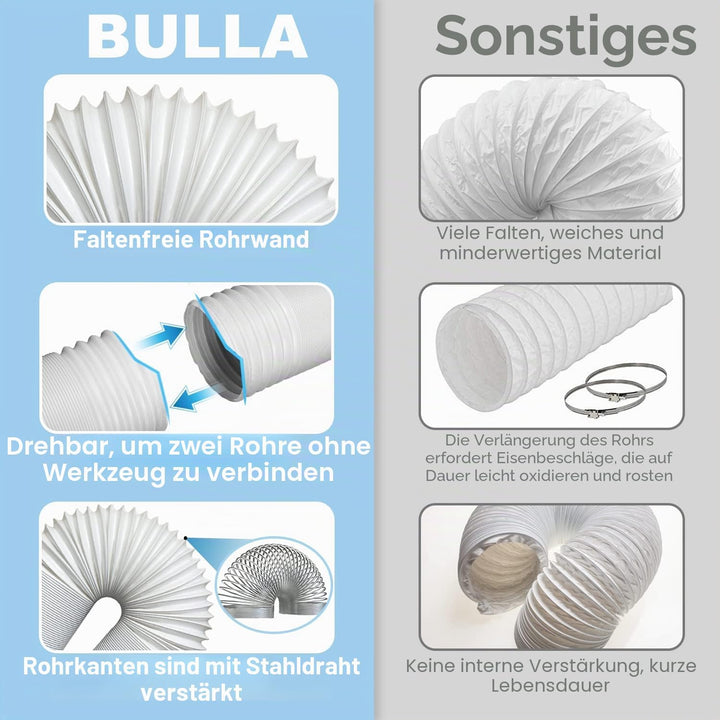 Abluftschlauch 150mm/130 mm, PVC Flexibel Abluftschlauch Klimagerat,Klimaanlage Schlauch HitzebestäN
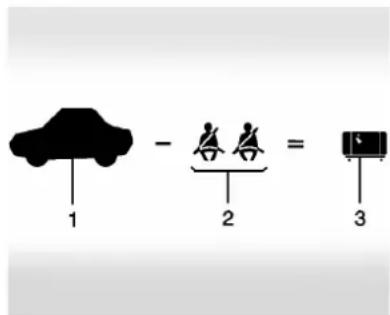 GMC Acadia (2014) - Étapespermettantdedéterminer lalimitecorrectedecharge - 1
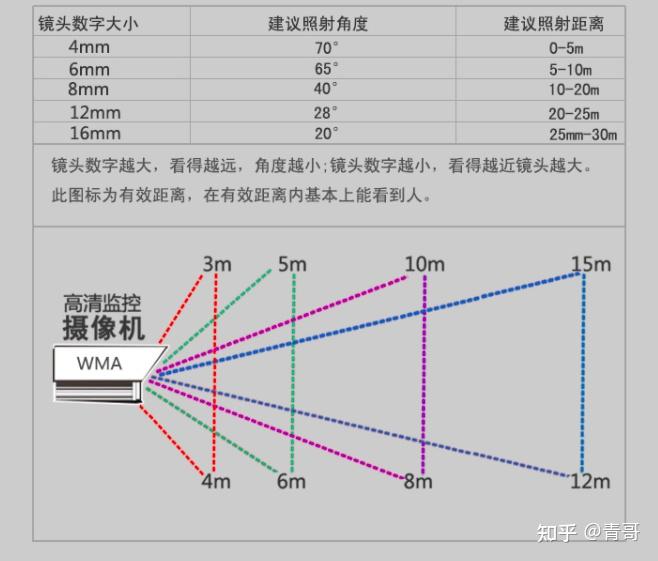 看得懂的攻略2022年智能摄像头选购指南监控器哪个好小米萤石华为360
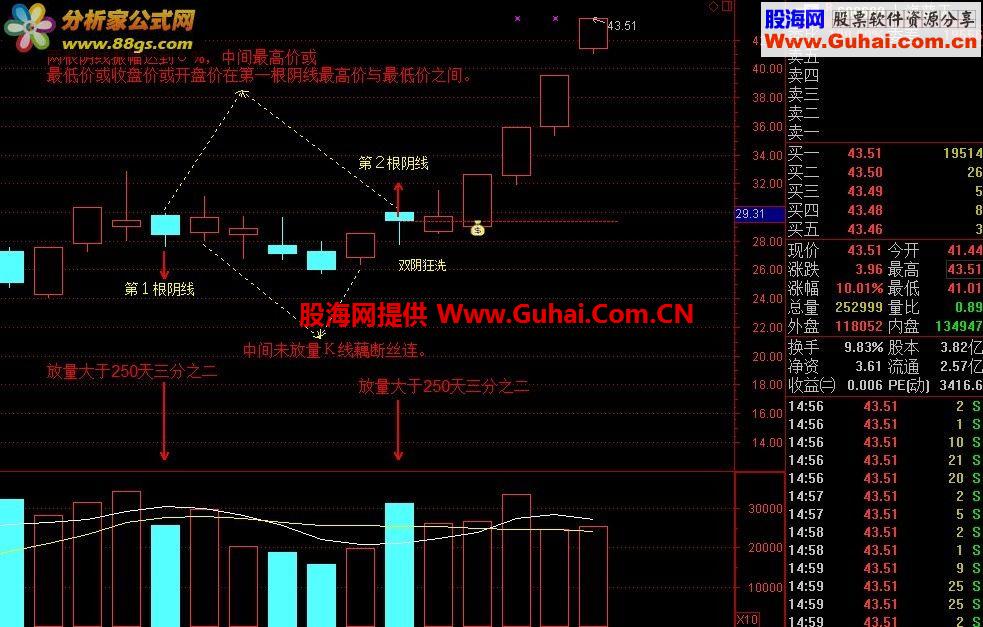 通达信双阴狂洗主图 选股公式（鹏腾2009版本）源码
- - - -
Prompt ▸ Beginning with the line that contains "GMC Acadia (2014)" and ending with the final line of the listing, return each line exactly. Omit all pictures.

Task solution ▸
 GMC Acadia (2014) - Étapespermettantdedéterminer lalimitecorrectedecharge - 1
 看得懂的攻略2022年智能摄像头选购指南监控器哪个好小米萤石华为360
 通达信双阴狂洗主图 选股公式（鹏腾2009版本）源码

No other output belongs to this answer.